Il capo della Polizia Antonio Manganelli, in una lettera a Repubblica, si dice convinto “che il Paese abbia bisogno di spiegazioni su quello che realmente accadde a Genova”, garantisce che si muoverà, “senza alcuna riserva”, pur di arrivare a questa verità. Promette di muoversi in prima persona e “per conto dell’Istituzione che rappresento nelle sedi istituzionali e costituzionali”. La polizia italiana, aggiunge Manganelli, non ha bisogno di alcun richiamo alla Costituzione, perché ha dalla sua una storia di 150 anni segnata “dai nostri morti”, una storia in cui la polizia ha sempre servito la Carta Costituzionale, schierandosi a difesa dei cittadini con un lavoro quotidiano che unisce “migliaia di uomini sotto pagati”. Ma se davvero Manganelli pensa che sul G8 genovese esista un’altra verità avrebbe potuto dirla quando è stato convocato in tribunale come testimone. Le promesse del capo della polizia scazzottano non solo con la testimonianza resa durante il processo, il 2 maggio 2007, ma specialmente con le intercettazioni registrate dalla procura di Genova. Vale la pena riportarle per dimostrare come le affermazioni di Manganelli sono solo lacrime di coccodrillo.

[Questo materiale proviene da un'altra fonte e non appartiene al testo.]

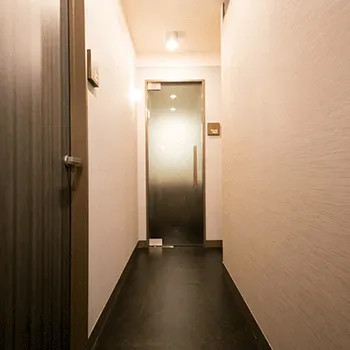 聖心美容クリニック 神奈川1院の刺青除去を受ける前の廊下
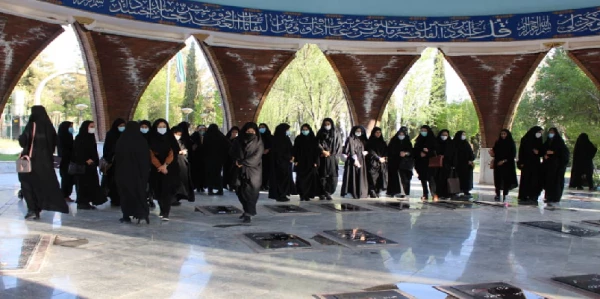 زیارت مزار شهدا و بازدید از حوزه علمیه خواهران ایلام 2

«Manganelli stamattina mi ha detto “bisogna dargli una bella botta a sto magistrato”, dice mi ha accennato che già qualche d’uno sta pigliando delle carte non troppo regolari» erano le parole con cui, il 24 maggio 2007 Francesco Colucci ex questore di Genova commentava con l’ex capo della Digos genovese Mortola l’arrivo dell’avviso di garanzia nei suoi confronti. Durante il processo Diaz, l’ex questore aveva cambiato una testimonianza, spiegando che ad avvertire l’ufficio stampa del Viminale della perquisizione in corso nel dormitorio era stato lui e non il capo della polizia Gianni De Gennaro. Secondo le intercettazioni, e dunque secondo l’inchiesta ora a giudizio, quel particolare fu modificato su richiesta dell’allora capo della polizia. All’indomani di quella testimonianza, che la procura considera fasulla, Colucci aveva raccontato al telefono di aver parlato con il vice capo della polizia, che allora, era appunto Antonio Manganelli: «Fatto sta che ieri sera ho chiamato Manganelli. Dice… sei stato bravo è andato tutto molto bene», erano le parole di Colucci il 7 maggio 2007: «Poi stamattina m’ha chiamato il capo. Dice li hai sbranati, (il riferimento sembra essere sempre ai pm del processo Diaz, Enrico Zucca e Francesco Cardona Albini ndr) ». E il 25 maggio, il giorno dopo l’arrivo dell’avviso di garanzia: «C’erano il Capo con Manganelli, dice guarda non ti preoccupare perché qui dobbiamo fa un’azione comune e rompere il cazzo a sto cazzo di magistrato». Secondo le spiegazioni del presidente emerito Cossiga, la commissione parlamentare d’inchiesta dovrebbe essere accompagnata da un intervento che blocchi i giudizi in corso sui fatti del g8, «e si deve anche rinviare il processo a carico dell’ex-Capo della Polizia, perché in esso possano essere acquisiti i risultati della Commissione parlamentare d’inchiesta».
Una cosa è chiara nella lettera il capo della polizia Manganelli non ha chiarito, se al processo che parte la prossima settimana, contro l’ex capo della polizia Gianni De Gennaro, sarà l’occasione giusta per spiegare come sia andato l’affaire g8. E cosa significavano le intercettazioni che parlano dei suoi commenti sui pm della Diaz.